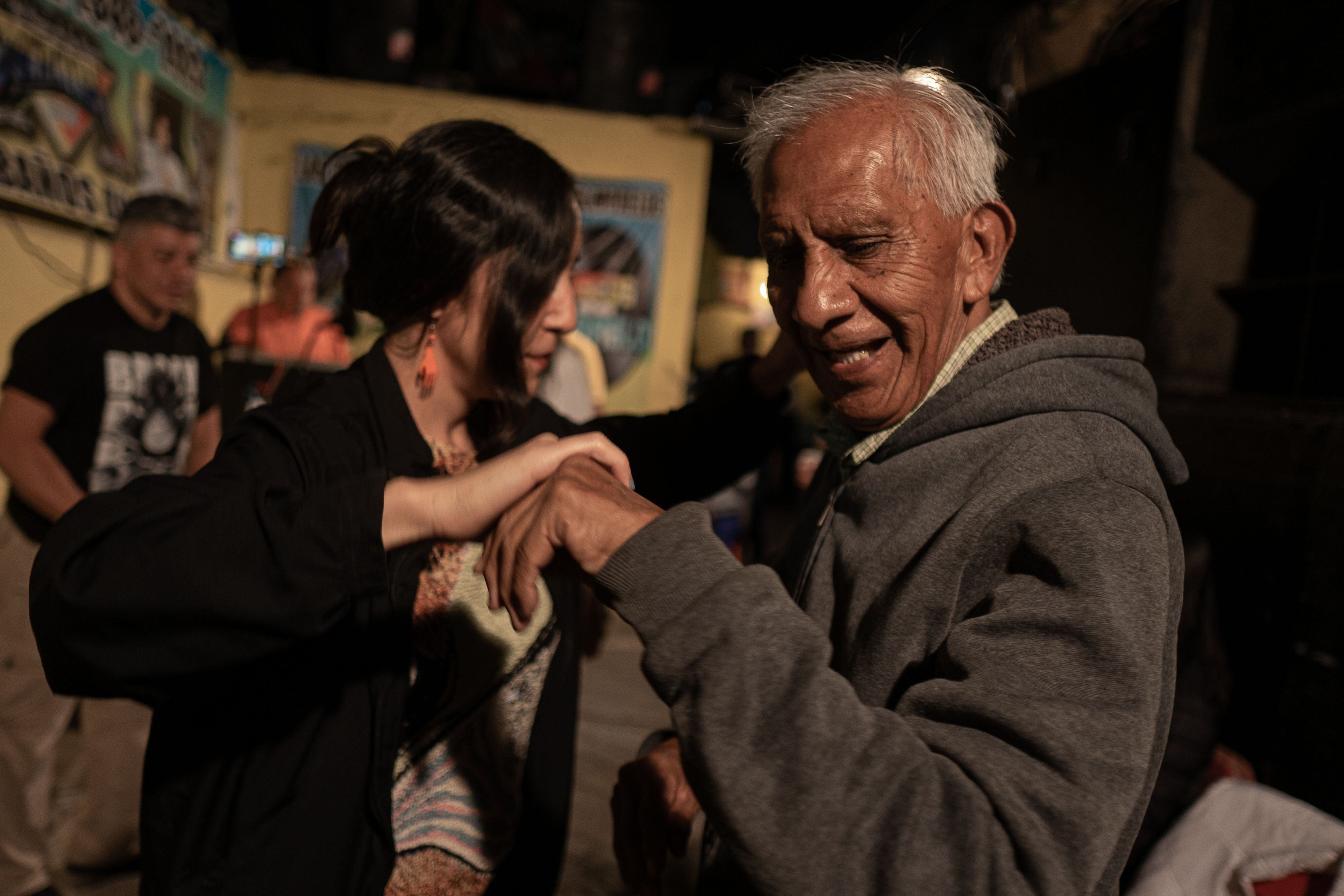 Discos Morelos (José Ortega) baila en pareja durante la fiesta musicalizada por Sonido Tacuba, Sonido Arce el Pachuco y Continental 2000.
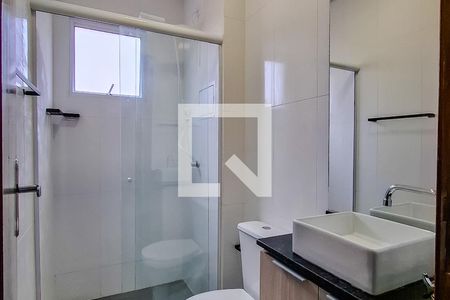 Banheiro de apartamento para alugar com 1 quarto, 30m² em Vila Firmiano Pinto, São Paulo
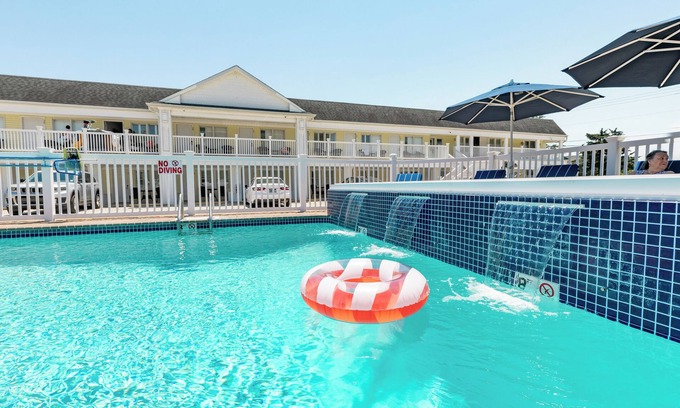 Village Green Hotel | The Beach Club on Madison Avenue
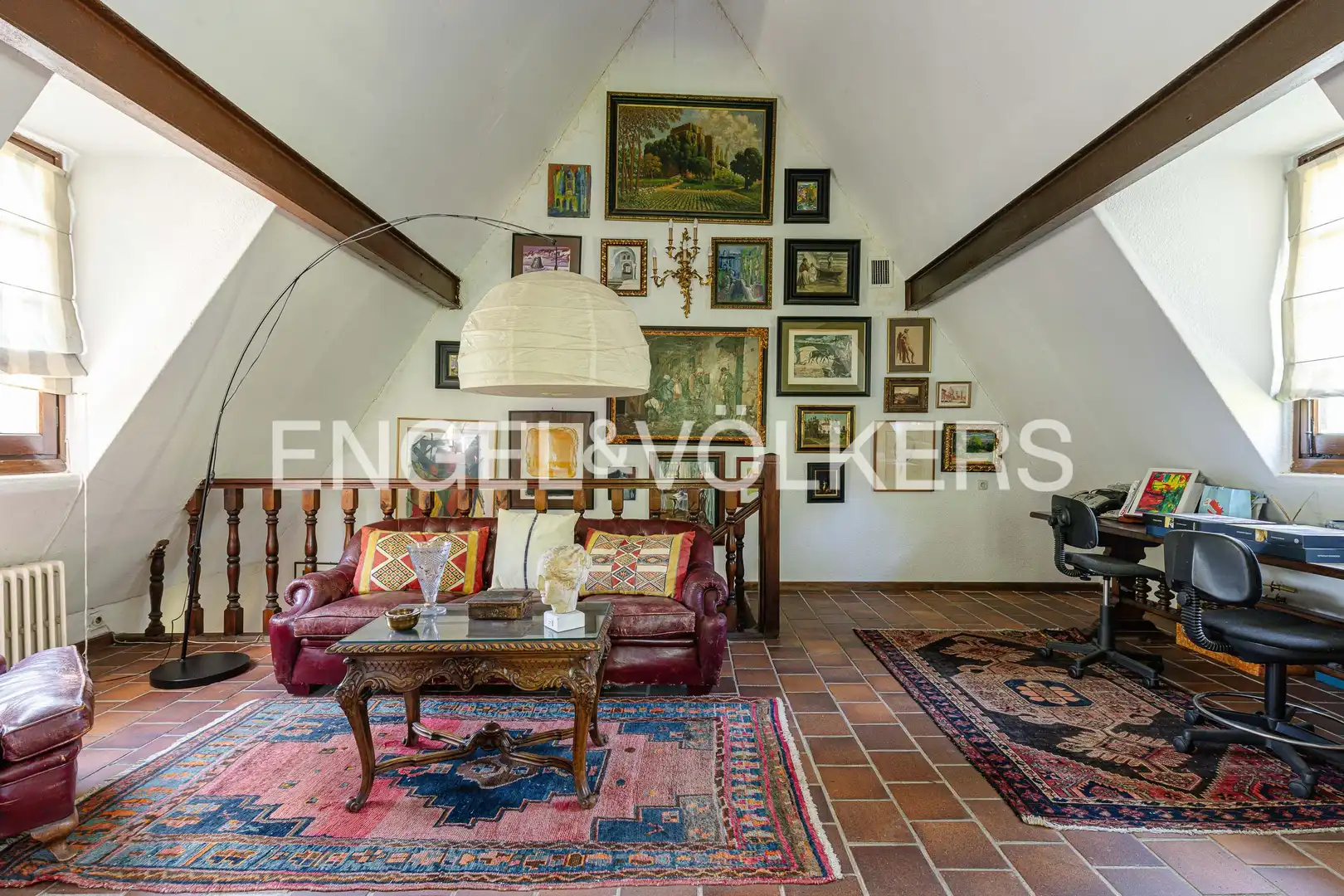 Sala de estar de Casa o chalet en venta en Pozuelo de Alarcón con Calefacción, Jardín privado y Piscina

---

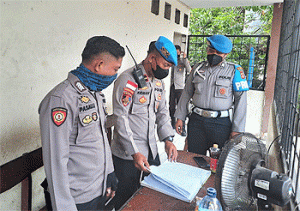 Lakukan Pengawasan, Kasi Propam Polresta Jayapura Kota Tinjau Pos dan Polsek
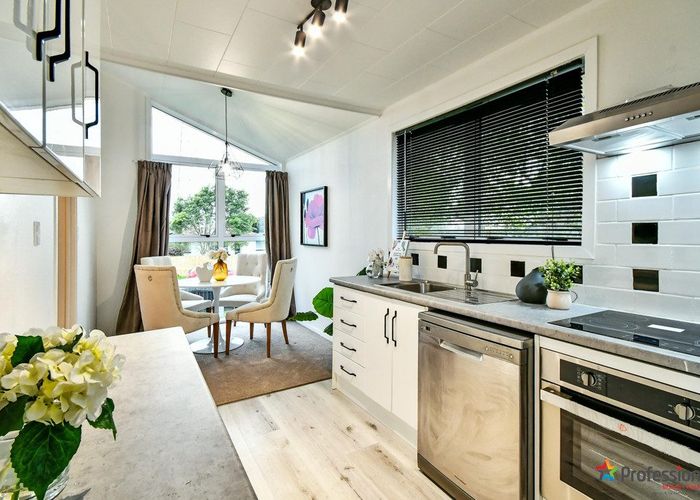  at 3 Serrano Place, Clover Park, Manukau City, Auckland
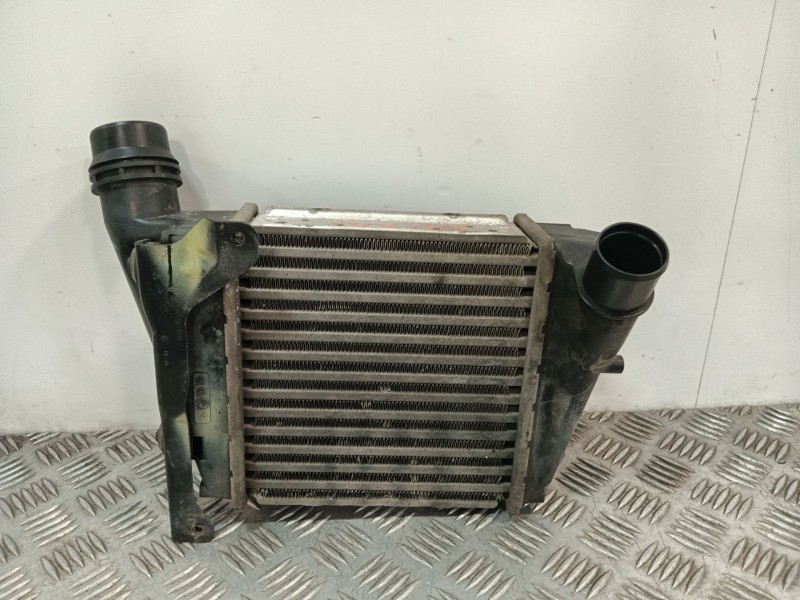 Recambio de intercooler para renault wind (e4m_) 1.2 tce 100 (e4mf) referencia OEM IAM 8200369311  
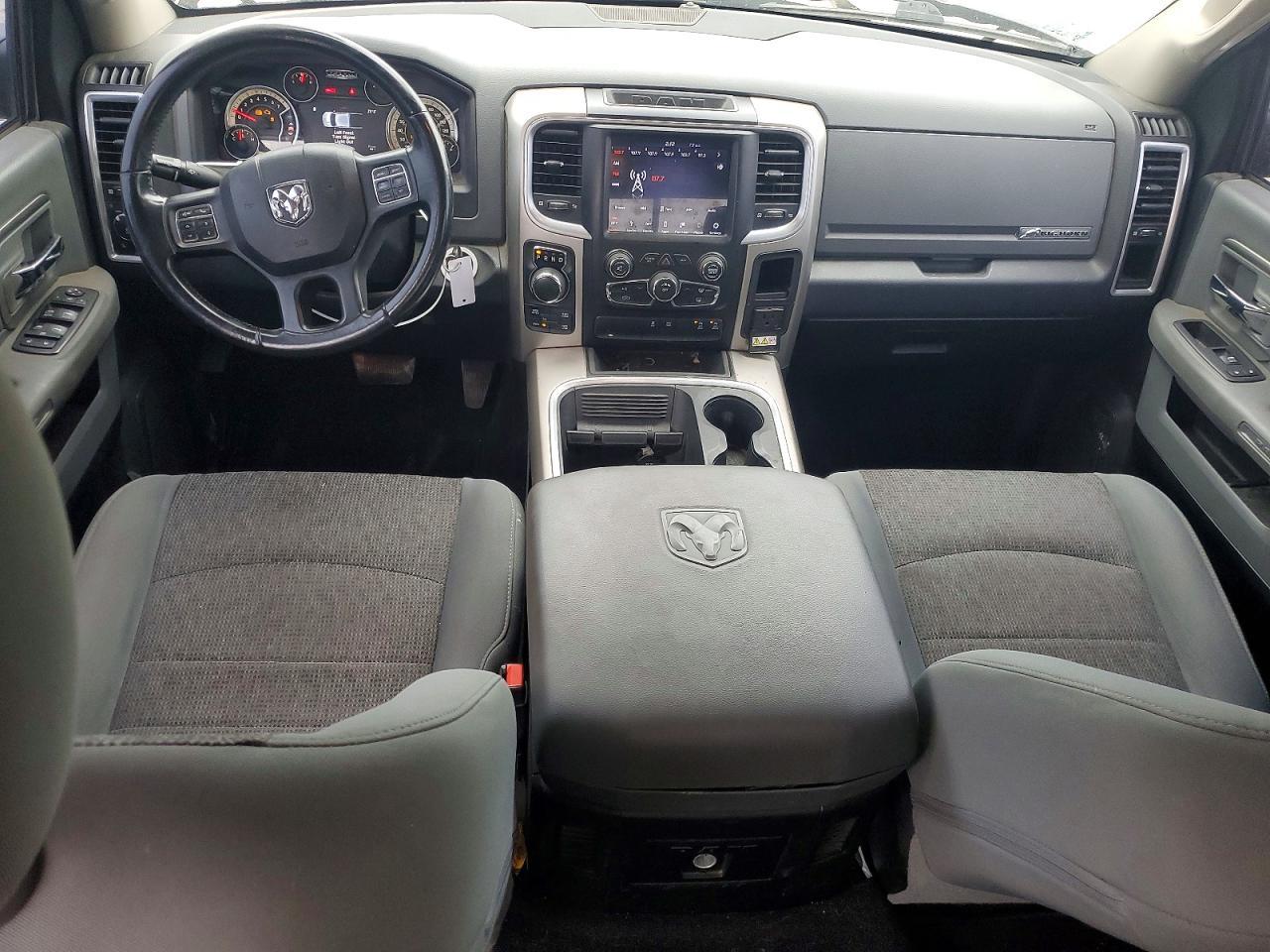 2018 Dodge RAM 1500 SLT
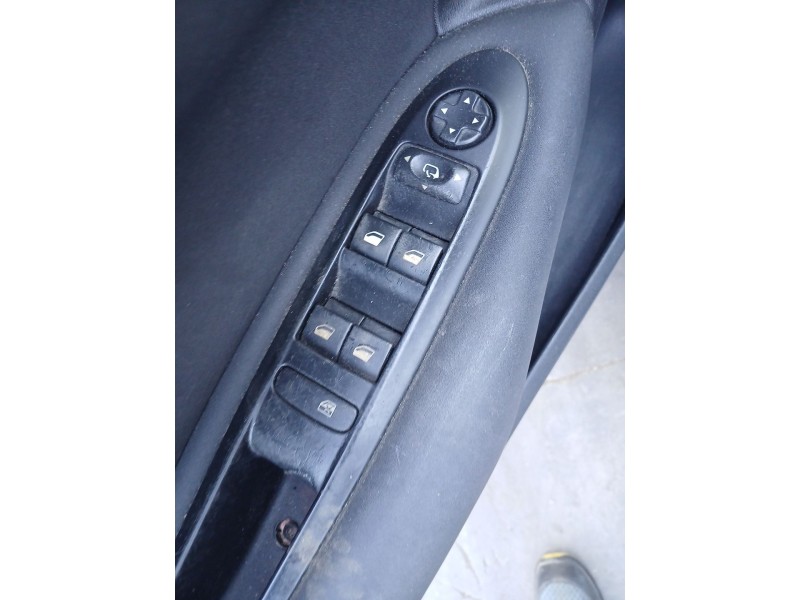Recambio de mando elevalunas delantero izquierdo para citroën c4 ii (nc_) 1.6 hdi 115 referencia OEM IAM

Exercise directions :: With the pictures omitted, restate word for word the lines above from the line that has "Village Green Hotel" up to and including the line that has "Sala de estar", and no other lines.

Answer for the task ::
 Village Green Hotel | The Beach Club on Madison Avenue
 Sala de estar de Casa o chalet en venta en Pozuelo de Alarcón con Calefacción, Jardín privado y Piscina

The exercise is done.